▶ [What this task involves]:
Write every line below out again, exactly as given, but leave out the pictures.

▶ [Task input]:
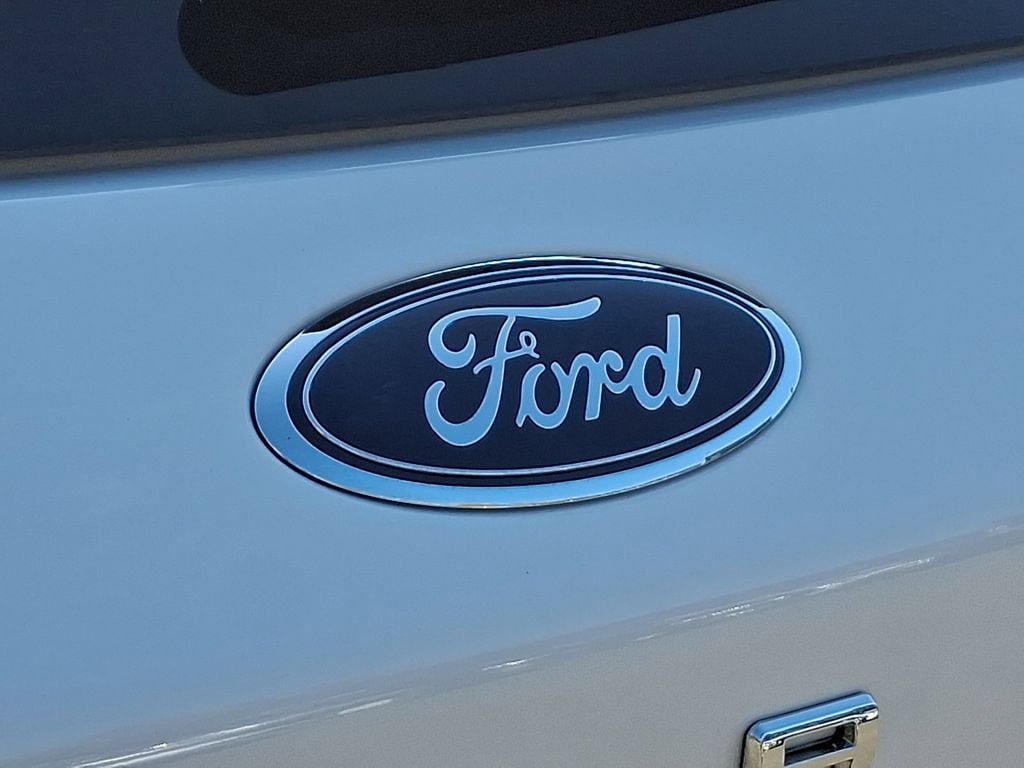 Certified 2024 Ford Escape Platinum w/ Premium Technology Package AWD/4WD image 31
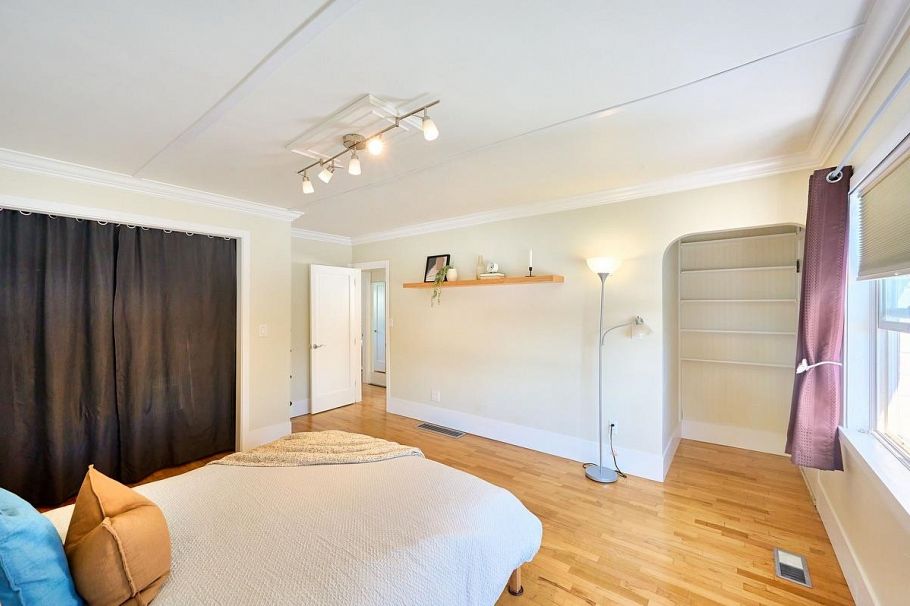 3081 E Georgia Street Vancouver, BC - 14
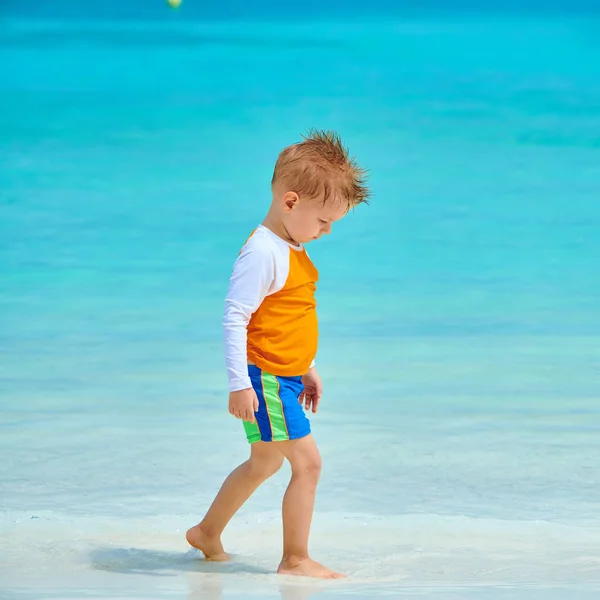 Niño de tres años en la playa — Foto de Stock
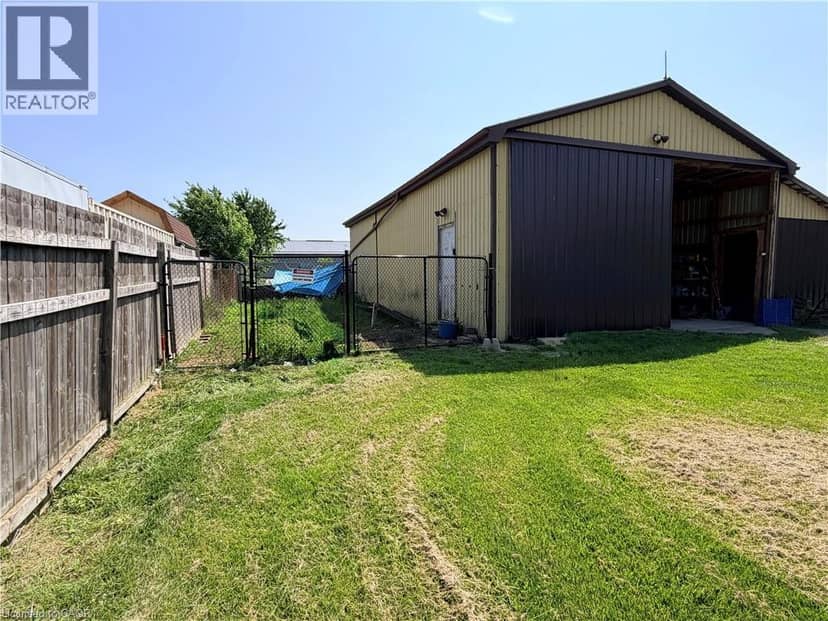 23 ERIE Avenue S, Fisherville, photo 5
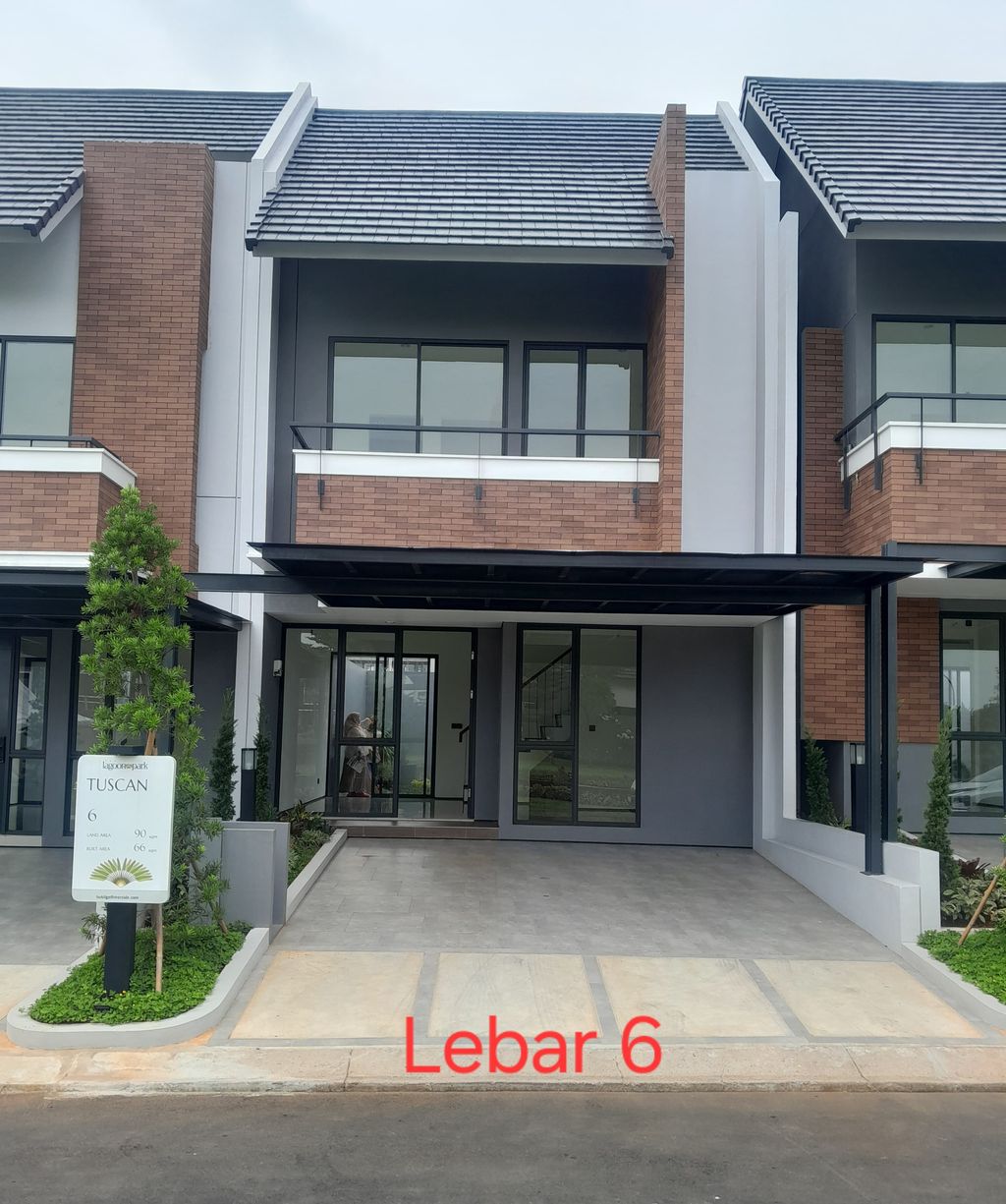 foto tampak rumah tipe Tuscan perumahan BUKIT GOLF LAGOON PARK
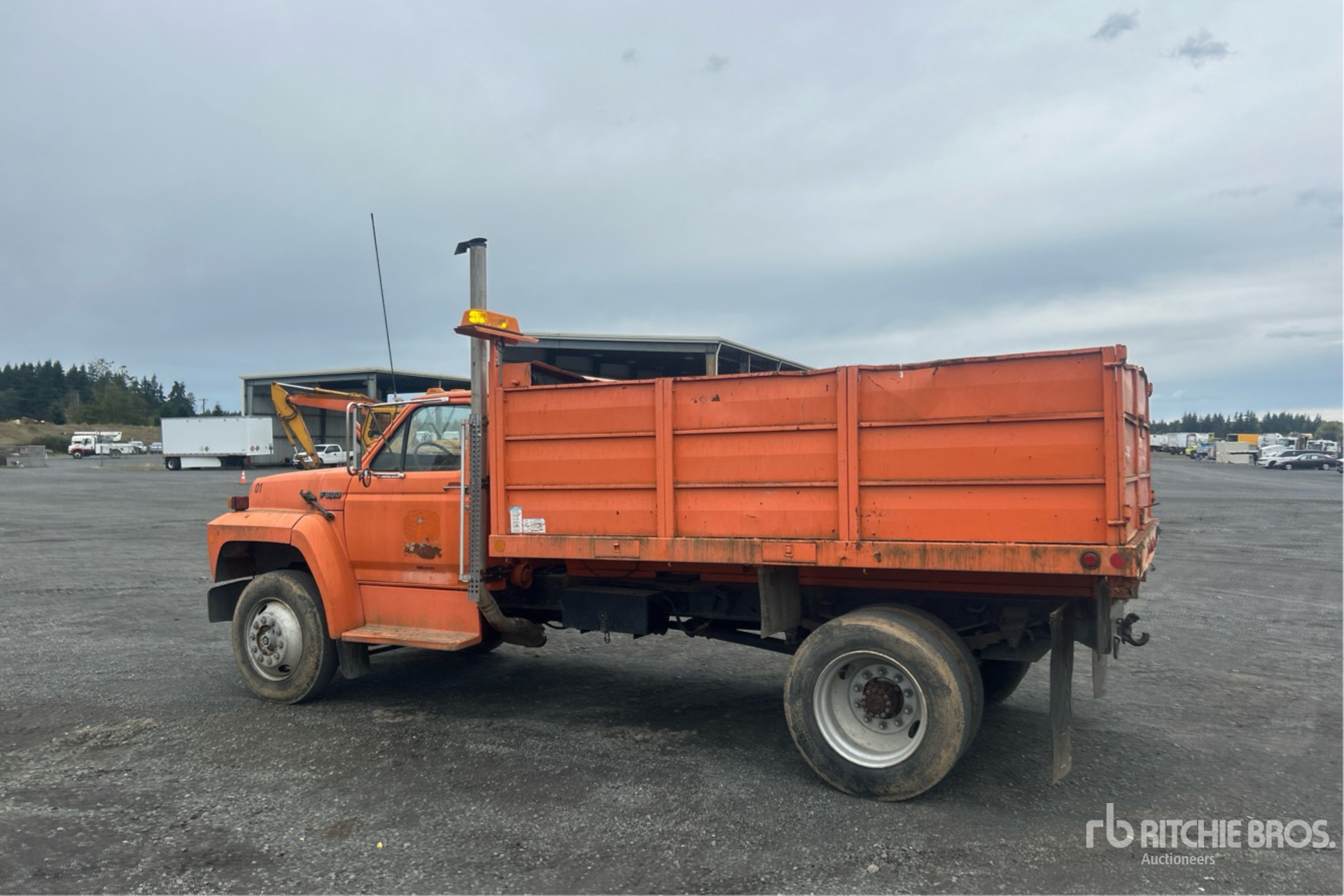 General Appearance with Picture, Left Rear Corner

▶ [Solution to the exercise]:
 Certified 2024 Ford Escape Platinum w/ Premium Technology Package AWD/4WD image 31
 3081 E Georgia Street Vancouver, BC - 14
 Niño de tres años en la playa — Foto de Stock
 23 ERIE Avenue S, Fisherville, photo 5
 foto tampak rumah tipe Tuscan perumahan BUKIT GOLF LAGOON PARK
 General Appearance with Picture, Left Rear Corner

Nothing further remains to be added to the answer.